PROBLEM DESCRIPTION
The data below holds a line containing "Building Photo - 140 Parkridge Dr" and a line containing "Old Navy Red"; please quote exactly those two lines and every line between them, and nothing else.

SUPPLIED ENTRIES

=====

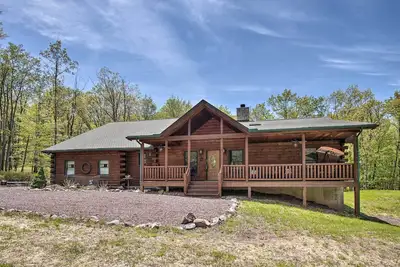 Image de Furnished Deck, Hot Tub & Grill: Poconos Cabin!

=====

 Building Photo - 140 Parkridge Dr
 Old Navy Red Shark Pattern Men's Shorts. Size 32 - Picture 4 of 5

=====

WORKED SOLUTION
 Building Photo - 140 Parkridge Dr
 Old Navy Red Shark Pattern Men's Shorts. Size 32 - Picture 4 of 5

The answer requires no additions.